According to the analyst, these findings indicate that sanctions against Russia are fruitless because the country has addressed reliability concerns. While the Russians had difficulty with some missiles missing their targets in the early weeks of the invasion, he said this issue was resolved due to technological improvements.

According to Kyrychevskyi, the Russians are even installing powerful onboard computers that allow for intensive manoeuvring in the air on their cruise missiles in defiance of sanctions. Before launch, this is loaded into the missile’s computer. They attach it to bombers already prepared for the attack.

The expert said that cruise missiles like “Kalibr” and air-launched missiles like “X-101” and “X-555” can carry a 400 kg warhead over a range of about 1500–2000 km. He said it’s unclear how well the X-101 fits the radar-invisibility claim, which the Russians said it did. If the Ukrainians shoot them, it means they can be seen.

He continued that the maximum course change rate during the flight seen is one alteration every eight minutes. Put another way, a missile’s direction can be altered roughly ten times an hour. Such missiles are built with onboard equipment that can operate for up to five hours. When one considers the maximum speed, approximately 700 km/h, and the maximum range, up to 2000 km, they can fly straight at maximum range for roughly three hours. Up to four hours if they manoeuvre and fly at full range, extending their path. The onboard technology is only intended to be used once to guide the missile to its intended target.

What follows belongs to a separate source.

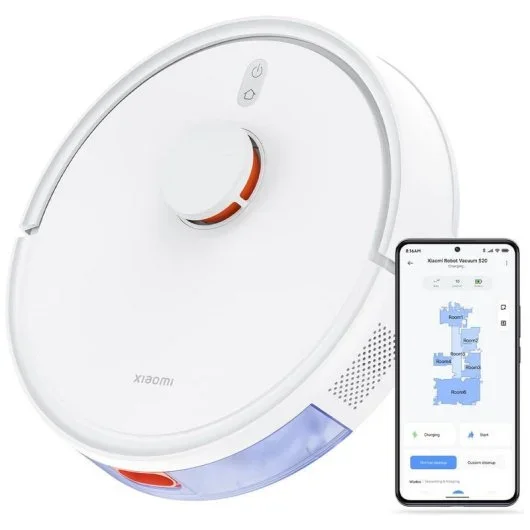 Xiaomi Aspirador Vacuum S20 Branco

The expert highlighted that the Russians do not use the X-22 missiles as much as other cruise missiles. The Ukrainian Air Force has admitted that it has not shot down any X-22 missiles. The issue is that this missile has a supersonic flight speed of around 4000 km/h. Furthermore, upon approaching the target, it dives at a 45-degree angle. Even if the missile is intercepted at this point, due to its enormous kinetic energy, it will not divert from its trajectory and will hit the target, according to Kyrychevskyi.

Furthermore, it has been determined that Russians may convert up to ten X-22 missiles monthly into the X-32 upgrade. The X-32 is said to feature more sophisticated electronics, resulting in more accurate targeting. The limitation is that they cannot build new missiles from scratch and only have roughly 150 X-22 missiles remaining.

According to Mykhailo Skibitskyi, Deputy Chief of the General Staff of Ukraine’s Armed Forces, Russia still has at least 575 missiles. However, as Kyrychevskyi pointed out, these 575 missiles do not include 150 X-22s. As a result, the predicted total is greater than 700 units. The Russians used 750 missiles during the strikes from October to March 2023. Furthermore, each month, Russia produces 110 long-range missiles.

The idea that if they use all of these arsenals, they will eventually be completely out of supplies is not a concern for the Russian government. They keep some reserves, said Kyrychevskyi. In Afghanistan, Soviet forces launched all of their Scud and Luna-M missiles that they had at the enemy, even though they required these missiles to deliver nuclear weapons in the event of a war with NATO. The analyst concluded that even if their missile stockpile might be close to zero, this has never been enough to stop them.